Brussels’ core concern is that WhatsApp holds a dominant position in the EEA‑wide consumer communications market and that controlling access to its hundreds of millions of users constitutes a gatekeeper advantage for Meta AI. The Commission described the WhatsApp Business API as infrastructure Meta built and previously opened; blocking rival AI assistants while favoring its own could shape which assistants people adopt before the market consolidates.

What to do now

  1. Add the contact safely. Open WhatsApp on your Windows PC or phone and add the number +1‑800‑242‑8478 as a contact. The account is verified; look for the green checkmark.
  2. Decide on account linking. Use the no‑account mode for casual queries. If you want conversation history and personal context, link your WhatsApp identity to your ChatGPT account through the in‑chat prompt.

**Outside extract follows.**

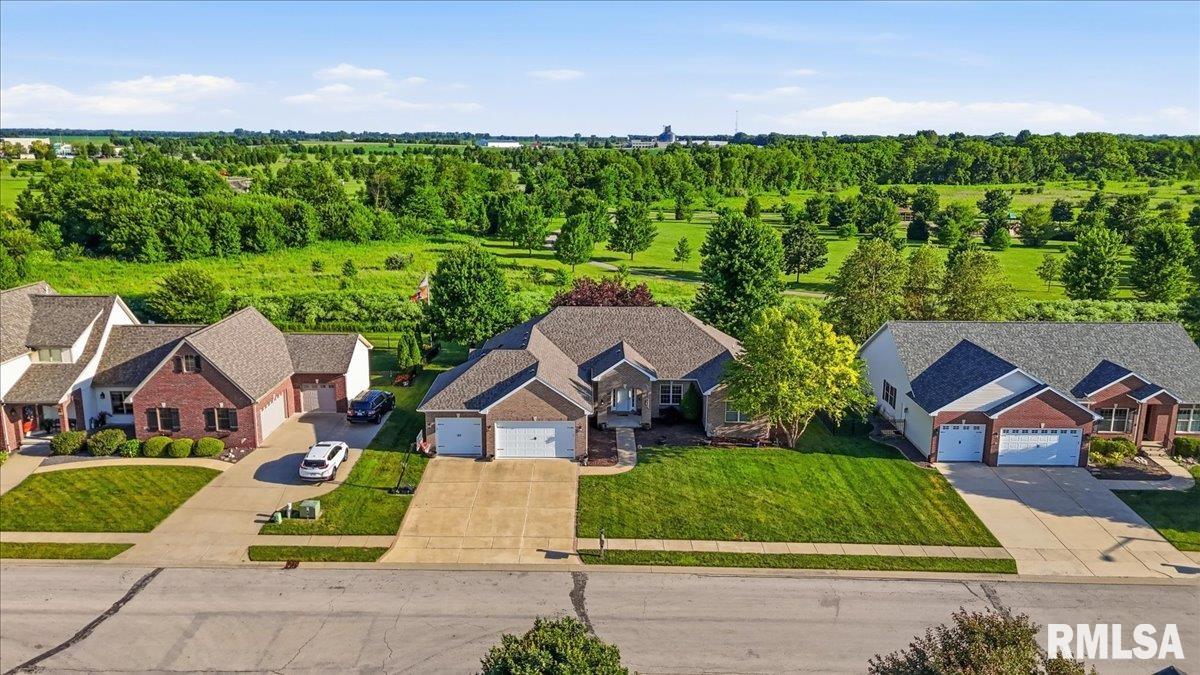5616 Legacy Lane Springfield, IL 62711 - Photo 4 of 54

Understand that this shares your WhatsApp phone number with OpenAI and connects the chat to your account’s data.
  3. Adjust privacy settings. In your ChatGPT account, review conversation history settings and data controls before linking. Remember that images and voice messages you upload to the WhatsApp bot are processed by OpenAI, not by Meta’s servers.
  4. For IT teams: Update acceptable use policies to clarify that AI prompts through WhatsApp are subject to the same governance as other AI tools. Consider network‑level monitoring or conditional access policies if your organization treats unsanctioned AI use as a risk.
  5. Experiment cross‑platform. Because WhatsApp syncs, you can test the bot’s image generation or voice transcription on the go and refine the results on your Windows desktop. The multi‑modal features are especially useful for quick design mock‑ups or summarizing voice notes.

Outlook

The WhatsApp reinstatement is a temporary measure while the full antitrust case proceeds. OpenAI, meanwhile, isn’t waiting for the legal dust to settle. It launched a ChatGPT bot on South Korea’s KakaoTalk on June 16 and has been integrating tools into Viber for translation, summarization, and image remixing. Messaging apps are becoming AI distribution platforms in their own right.

For Windows users, the immediate effect is clear: ChatGPT is back, it’s free, and it’s woven into an app already pinned to the taskbar. For Meta, the larger message from Brussels is that the platform rules must be written before the AI winner is determined—not after.